Task directions:
The lines to repeat are those below from the one containing "Used Ford Focus" down to the one containing "Clutch with detachable strap", both included; reproduce them exactly and nothing else.

══ The records ══

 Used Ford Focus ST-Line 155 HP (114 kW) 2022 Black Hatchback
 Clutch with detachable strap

═══
══ The records ══

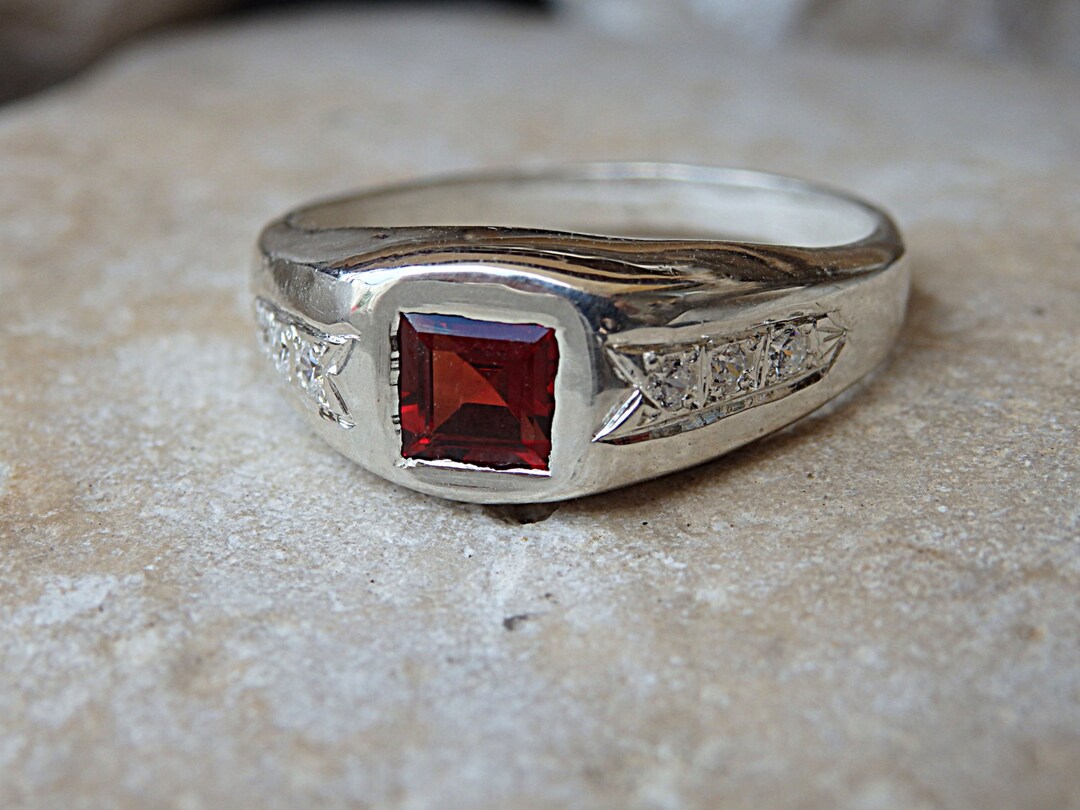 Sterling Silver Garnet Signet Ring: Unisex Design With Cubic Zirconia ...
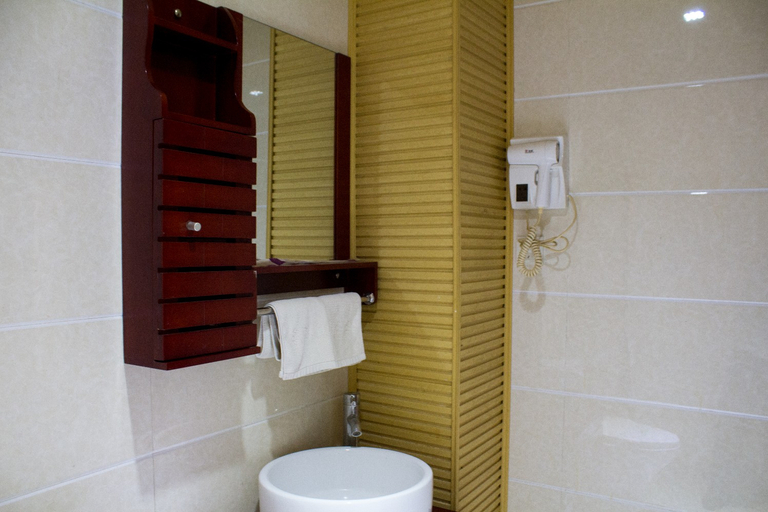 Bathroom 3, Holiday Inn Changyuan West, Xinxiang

═══
══ The records ══

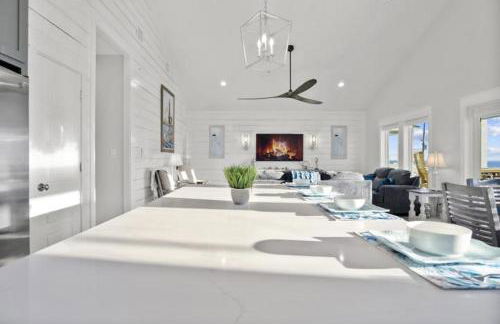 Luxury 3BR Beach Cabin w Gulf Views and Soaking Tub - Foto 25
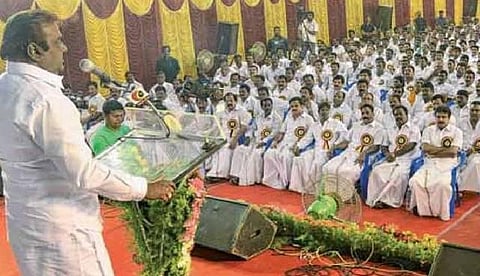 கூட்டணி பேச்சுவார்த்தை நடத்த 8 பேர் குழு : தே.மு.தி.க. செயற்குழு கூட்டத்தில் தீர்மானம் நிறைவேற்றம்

═══

Exercise response:
 Used Ford Focus ST-Line 155 HP (114 kW) 2022 Black Hatchback
 Clutch with detachable strap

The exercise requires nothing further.